Dean Jones, Antoinetta Parrish and Yseem Hammett called out to their trapped Northwest Baltimore neighbors as they dug with their bare hands through the wreckage of a deadly explosion that demolished three rowhouses Monday.
Jones had run, barefoot, from his house three blocks away, after the blast knocked a glass of water off the table on his back porch just before 10 a.m., he said. In the rear alley, he met a scene of massive destruction — as well as Parrish and Hammett, who said they did not previously know one another. Hammett had ditched his crutches — he was shot during a February robbery attempt — to rush to his neighbors’ aid.
“We just jumped in there and started calling out: ‘Hey! Is anyone in there? Call out to us! Call out!’” Jones said. “We heard a faint ‘Hey! I’m right here!’” … I didn’t have shoes on, but we weren’t worried about that.”
Before rescue crews arrived, the neighbors started an assembly line, passing bricks and whole slabs of the houses’ foundation, among the other debris the explosion left everywhere. After digging nearly 5 feet into the wreckage, Jones and Parrish pulled Anita Moore to safety.
Moore, a 55-year-old customer service representative, had been trapped under the wreckage of her house — pinned in the dark under several feet of bricks, plywood and other debris, and yelling herself hoarse for help.
When Moore’s voice gave out, she said, Parrish’s never stopped.
“At one point, I couldn’t yell anymore,” Moore said. “She kept saying, ‘She’s here! She’s here!’ That’s my angel. It was like she was whispering in my ear.”
Jones said the desperate search for his buried neighbors took a toll on him.
“I caught things out of the corner of my eye, like a cereal box, that just reminded me that people lived here,” Jones said. “I just kept thinking, if this was me, I hope someone would be doing this, too.”

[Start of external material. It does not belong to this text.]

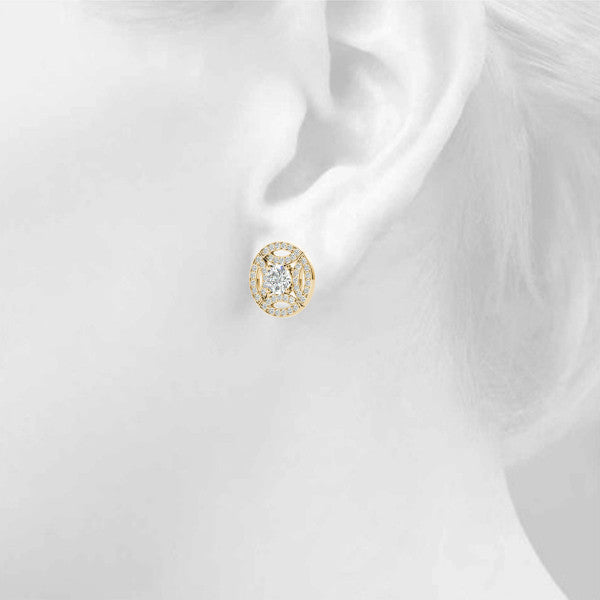 Round Pattern Halo Diamond Earrings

At least two people were killed and seven others were wounded in the blast, whose cause was unknown as of late Monday. Moore’s rescue was the biggest of a series of acts of neighborly kindness that took place during the all-day search for victims and survivors on the debris-strewn 4200 block of Labyrinth Road.
Those gathered at the police line clapped in support for the injured as they were wheeled past on stretchers, and when people hugged their loved ones in relief after learning they were unharmed. Total strangers and members of the Baltimore Police Department and Chesed Fund, a Jewish community group, passed out water to neighbors and firefighters working in shifts in the 90-degree heat.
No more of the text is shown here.